Et là tu te dis, quoi, comment, une journaliste ne doit-elle pas sans cesse enrichir ses « relations » et son « carnet d’adresses »? Une journaliste doit surtout savoir identifier les personnes qui peuvent l’informer, l’éclairer, l’aider à répondre aux questions qu’elle a décidé d’explorer. On ne tombe pas dessus miraculeusement en restant planté une coupe à la main, un sourire à la bouche.

Il en va de même pour les opportunités professionnelles. Ce n’est pas en disant bonjour à trois célébrités que l’on trouve du boulot. Pour cela, plus que les relations ce qui compte c’est d’avoir un réseau. Fondé essentiellement sur la reconnaissance de mon travail, le mien n’a jamais été étendu mais il s’est avéré solide.

C’est lui qui va me reconnecter à la télévision, ce n’est pas cette rencontre avec Mr Le Lay. Que je verse au dossier des innombrables farces que m’a réservées l’existence.

Ecrire pour l’oeil ou pour la bouche

Depuis que j’ai commencé à te raconter cette histoire, je ne fouille pas que ma mémoire.

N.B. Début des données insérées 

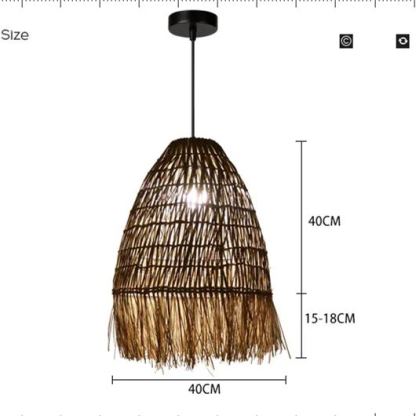 Wabi-sabi style art straw pendant light-labpiecesign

Je passe des heures dans les cartons, à rechercher des pièces à conviction, et ce que je retrouve n’est jamais ce que je crois avoir gardé.

Je viens de tomber sur un paquet de conducteurs (le conducteur, c’est la trame de l’émission couchée sur du papier, ce dont on se sert au micro mais aussi en régie, pour savoir quand il faut envoyer un son, une chanson…).

Ce sont ceux de « Par monts et par mots », l’émission qui remplace « A mots découverts » sur la grille d’été de Radio Bleue en 98.

C’est un projet qui n’est pas du tout adapté aux moyens dont nous disposons, et en décidant de le mener à bien, je nous impose un travail de titan, à Françoise et à moi.

L’idée, c’est de piocher dans les émissions des trois années qui viennent de s’écouler et de regrouper les extraits par thème : l’enfance, le travail, la famille, la vieillesse, l’amour, les racines, la religion, l’amitié, le rire, les larmes…

D’abord cela veut dire ressortir les bandes de l’INA, où elles sont conservées, et réécouter des heures et des heures d’émissions. Nous ne sommes pas encore à l’ère du numérique, les kilomètres de bande magnétique sont enroulés autour d’un noyau en métal, et gare à toi si tu casses la galette en la manipulant… Il faut repérer les passages que nous pourrons utiliser, les copier, les monter, les minuter. Et s’assurer que sur chaque thème l’ensemble est cohérent. Ensuite, il me reste à écrire l’enrobage, à construire les passerelles qui permettent de cheminer entre les points de vue et les témoignages.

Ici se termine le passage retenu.